I have also probably lost (in the past) close to (if not more than) $800 worth of fish....the biggest loss coming a couple years ago when when I had an fully stocked 125 get completely whipped out (and I'm only 16, and have been keeping cichlids only about 4 years)



TheeMon said:


> makes you wonder whats worse crack or hobbys...

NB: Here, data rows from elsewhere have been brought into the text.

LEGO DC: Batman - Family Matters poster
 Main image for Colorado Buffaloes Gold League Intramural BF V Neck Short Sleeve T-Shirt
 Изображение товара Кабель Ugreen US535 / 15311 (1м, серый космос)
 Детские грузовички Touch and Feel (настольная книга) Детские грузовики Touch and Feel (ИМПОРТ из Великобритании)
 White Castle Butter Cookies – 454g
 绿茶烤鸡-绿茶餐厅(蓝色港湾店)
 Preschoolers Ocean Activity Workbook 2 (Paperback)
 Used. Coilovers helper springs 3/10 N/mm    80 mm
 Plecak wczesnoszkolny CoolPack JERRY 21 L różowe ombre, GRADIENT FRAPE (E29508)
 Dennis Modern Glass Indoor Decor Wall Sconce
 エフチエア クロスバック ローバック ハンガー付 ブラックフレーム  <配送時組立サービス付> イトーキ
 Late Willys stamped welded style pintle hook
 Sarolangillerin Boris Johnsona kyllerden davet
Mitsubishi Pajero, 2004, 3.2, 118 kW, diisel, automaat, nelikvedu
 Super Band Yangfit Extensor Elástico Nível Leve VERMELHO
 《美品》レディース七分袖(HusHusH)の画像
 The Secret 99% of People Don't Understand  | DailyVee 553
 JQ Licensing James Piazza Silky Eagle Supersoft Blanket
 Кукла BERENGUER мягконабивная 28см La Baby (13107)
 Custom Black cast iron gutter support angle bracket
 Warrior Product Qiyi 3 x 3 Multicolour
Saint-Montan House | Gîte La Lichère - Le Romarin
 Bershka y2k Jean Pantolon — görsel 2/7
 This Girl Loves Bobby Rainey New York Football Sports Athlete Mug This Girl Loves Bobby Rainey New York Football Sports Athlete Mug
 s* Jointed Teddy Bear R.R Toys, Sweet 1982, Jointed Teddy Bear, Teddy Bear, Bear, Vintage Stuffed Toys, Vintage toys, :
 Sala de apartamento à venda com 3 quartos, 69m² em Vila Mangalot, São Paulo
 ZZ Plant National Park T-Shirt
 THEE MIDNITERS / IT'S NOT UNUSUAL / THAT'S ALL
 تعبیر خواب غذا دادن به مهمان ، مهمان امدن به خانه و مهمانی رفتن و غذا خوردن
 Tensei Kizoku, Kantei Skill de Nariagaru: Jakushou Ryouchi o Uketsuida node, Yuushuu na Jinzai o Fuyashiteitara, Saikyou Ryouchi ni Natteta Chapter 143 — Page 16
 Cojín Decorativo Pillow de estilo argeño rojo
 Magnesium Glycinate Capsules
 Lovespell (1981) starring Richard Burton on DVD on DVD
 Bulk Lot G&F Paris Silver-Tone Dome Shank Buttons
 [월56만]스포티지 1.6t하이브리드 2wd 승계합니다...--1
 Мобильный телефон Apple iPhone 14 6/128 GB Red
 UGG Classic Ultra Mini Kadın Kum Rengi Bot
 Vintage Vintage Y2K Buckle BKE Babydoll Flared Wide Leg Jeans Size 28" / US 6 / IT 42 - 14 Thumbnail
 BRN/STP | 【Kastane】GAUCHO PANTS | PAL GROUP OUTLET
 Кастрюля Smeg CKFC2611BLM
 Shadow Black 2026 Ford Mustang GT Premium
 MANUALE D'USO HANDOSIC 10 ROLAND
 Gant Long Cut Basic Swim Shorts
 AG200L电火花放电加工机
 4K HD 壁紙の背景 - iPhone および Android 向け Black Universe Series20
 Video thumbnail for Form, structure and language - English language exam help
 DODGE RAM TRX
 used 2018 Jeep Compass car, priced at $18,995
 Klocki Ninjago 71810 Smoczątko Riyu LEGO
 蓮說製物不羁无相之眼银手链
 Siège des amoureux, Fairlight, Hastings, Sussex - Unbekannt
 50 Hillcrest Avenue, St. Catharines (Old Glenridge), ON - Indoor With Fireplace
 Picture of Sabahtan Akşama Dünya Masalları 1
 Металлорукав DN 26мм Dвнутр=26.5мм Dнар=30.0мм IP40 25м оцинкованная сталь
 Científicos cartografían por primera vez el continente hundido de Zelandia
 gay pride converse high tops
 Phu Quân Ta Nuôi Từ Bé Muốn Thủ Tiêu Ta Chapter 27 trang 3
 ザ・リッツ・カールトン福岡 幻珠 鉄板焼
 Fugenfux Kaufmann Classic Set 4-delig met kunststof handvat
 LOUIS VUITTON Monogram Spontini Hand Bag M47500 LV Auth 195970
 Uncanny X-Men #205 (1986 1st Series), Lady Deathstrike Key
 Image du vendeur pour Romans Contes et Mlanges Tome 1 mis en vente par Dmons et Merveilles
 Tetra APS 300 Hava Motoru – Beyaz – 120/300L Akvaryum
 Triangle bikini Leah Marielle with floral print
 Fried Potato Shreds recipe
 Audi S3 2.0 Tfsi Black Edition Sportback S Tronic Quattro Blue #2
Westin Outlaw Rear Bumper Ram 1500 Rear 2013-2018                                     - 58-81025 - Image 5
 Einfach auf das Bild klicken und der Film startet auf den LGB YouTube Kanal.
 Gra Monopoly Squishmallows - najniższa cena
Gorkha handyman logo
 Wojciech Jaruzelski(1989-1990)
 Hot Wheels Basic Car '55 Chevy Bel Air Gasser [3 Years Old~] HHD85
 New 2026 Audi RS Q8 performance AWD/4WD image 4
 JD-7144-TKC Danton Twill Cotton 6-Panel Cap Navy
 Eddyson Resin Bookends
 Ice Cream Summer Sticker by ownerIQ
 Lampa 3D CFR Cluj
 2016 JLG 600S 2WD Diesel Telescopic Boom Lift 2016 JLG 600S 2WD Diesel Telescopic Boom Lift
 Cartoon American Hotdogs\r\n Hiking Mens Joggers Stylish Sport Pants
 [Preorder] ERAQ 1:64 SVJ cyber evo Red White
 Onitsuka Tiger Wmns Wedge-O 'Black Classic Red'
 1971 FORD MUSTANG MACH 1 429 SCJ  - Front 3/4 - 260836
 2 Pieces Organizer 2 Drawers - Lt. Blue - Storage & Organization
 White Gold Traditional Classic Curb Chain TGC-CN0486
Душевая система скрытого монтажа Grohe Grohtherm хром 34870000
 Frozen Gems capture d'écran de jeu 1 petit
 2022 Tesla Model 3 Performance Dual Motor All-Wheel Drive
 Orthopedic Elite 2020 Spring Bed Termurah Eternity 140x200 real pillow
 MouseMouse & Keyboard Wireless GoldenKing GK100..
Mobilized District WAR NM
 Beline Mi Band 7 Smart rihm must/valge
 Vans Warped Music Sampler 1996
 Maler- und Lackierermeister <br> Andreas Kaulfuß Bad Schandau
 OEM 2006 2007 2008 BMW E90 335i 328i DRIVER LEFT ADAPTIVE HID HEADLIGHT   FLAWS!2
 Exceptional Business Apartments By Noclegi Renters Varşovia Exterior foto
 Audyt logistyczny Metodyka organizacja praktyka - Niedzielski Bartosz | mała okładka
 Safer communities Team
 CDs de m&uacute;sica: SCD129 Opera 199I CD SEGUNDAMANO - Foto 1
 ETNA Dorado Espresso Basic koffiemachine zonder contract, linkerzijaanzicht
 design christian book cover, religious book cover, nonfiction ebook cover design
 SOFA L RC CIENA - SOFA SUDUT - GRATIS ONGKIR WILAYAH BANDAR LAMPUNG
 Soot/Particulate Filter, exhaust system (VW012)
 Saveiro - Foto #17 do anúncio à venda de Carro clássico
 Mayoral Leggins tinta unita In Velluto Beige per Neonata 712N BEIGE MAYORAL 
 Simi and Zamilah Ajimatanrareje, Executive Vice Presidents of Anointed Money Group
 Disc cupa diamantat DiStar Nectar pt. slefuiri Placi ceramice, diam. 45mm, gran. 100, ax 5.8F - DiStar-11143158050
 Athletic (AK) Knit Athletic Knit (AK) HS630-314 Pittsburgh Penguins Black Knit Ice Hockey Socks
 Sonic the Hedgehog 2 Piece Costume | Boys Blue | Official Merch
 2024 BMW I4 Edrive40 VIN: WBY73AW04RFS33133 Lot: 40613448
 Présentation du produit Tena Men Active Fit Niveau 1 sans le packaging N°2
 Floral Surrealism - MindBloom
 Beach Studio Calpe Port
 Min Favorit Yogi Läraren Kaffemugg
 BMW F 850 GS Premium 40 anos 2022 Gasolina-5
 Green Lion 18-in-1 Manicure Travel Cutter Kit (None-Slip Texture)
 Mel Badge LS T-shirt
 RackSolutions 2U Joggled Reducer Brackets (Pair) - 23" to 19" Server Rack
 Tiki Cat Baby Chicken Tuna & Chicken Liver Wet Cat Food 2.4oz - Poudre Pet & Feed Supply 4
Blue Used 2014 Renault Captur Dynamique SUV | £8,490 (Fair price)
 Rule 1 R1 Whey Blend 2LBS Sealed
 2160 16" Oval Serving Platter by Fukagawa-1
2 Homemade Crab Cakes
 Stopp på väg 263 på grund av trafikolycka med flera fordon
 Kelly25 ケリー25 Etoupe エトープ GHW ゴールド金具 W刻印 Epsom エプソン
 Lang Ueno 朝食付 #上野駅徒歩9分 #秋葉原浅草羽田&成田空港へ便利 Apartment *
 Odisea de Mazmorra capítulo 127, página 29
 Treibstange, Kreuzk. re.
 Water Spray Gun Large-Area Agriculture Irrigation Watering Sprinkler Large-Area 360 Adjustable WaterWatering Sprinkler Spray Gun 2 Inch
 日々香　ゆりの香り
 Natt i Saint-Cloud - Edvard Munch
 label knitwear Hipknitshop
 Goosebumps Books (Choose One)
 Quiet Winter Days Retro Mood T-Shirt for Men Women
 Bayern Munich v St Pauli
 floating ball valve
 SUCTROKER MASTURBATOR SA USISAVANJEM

hmmm....in terms of cost....crack may be the way to go :lol: .......but I'd rather keep my fish :lol:


----------



## Toby_H (Apr 15, 2005)

I have under $500 invested in stock...

I have over $5,000 invested in hardware...

Which is why the manufacturers are rich and the breeders are poor...


----------



## Guest (Apr 28, 2008)

Too much! In my 4 tanks, I have easily over $2K worth of fish and I want to buy more fish everytime I go to the LFS.


----------



## cichlidaholic (Dec 7, 2005)

I took fish to the LFS on Saturday (cleaned out the bad boy tank and moved them on), got a $62 store credit, and spent $52 on new fish before I left. That's just wrong.

Kim


----------



## kornphlake (Feb 12, 2004)

I feel like such a cheepskate after reading through this thread. I just bought a house not too long ago and I'm slowly getting all my tanks back up and running. I've got two 10g tanks, one 30g X-tall and one 29g flat back hex setup at the moment. In the last 6 months I've spent about $25 on fish at the pet store to stock the first 10g I set up. I've stocked the other tanks with fish from fish club auctions, the most expensive investment was 6 A. Agasizzi for $7, I think I paid about $7 for 11 endlers, I paid $4 for 3 Corydoras Aneaus, I got some HRPs for free from another club member who wanted to free up the tank they were in for some african cichlids, this month I scored 5 Ameca Splendens for $1. I've spent $44 on fish for 4 tanks, oh add another $6 for the otos that didn't make it so I'm up to $50 on livestock. I've probably spent tiwce that much on plants because for whatever reason the plants seem to fetch more than fish at the auctions.


----------



## Guest (Apr 29, 2008)

Just the fish or all the equipment?

With the fish the last year I may have spent over $1100 (1/3 of that is probably shipping costs) on fish.


----------



## Chrispy (Apr 8, 2006)

I have spent waaaayyyy to much. I really want a 40g long now to set up a heavy planted tank...the LFS has some beautiful german rams that need a good home!!


----------



## igetbombed1977 (Feb 5, 2007)

Easily over $1000 spent, but that's with 6 tanks running. But selling off fry to club members and LFS's have made me back proably 2/3 of my $$$$


----------



## betz1106 (Jun 10, 2008)

like others i feel bad, only spent about 100 or so

but about 5 or 6 years ago i had a whole african juvie tank go down at that was around $400.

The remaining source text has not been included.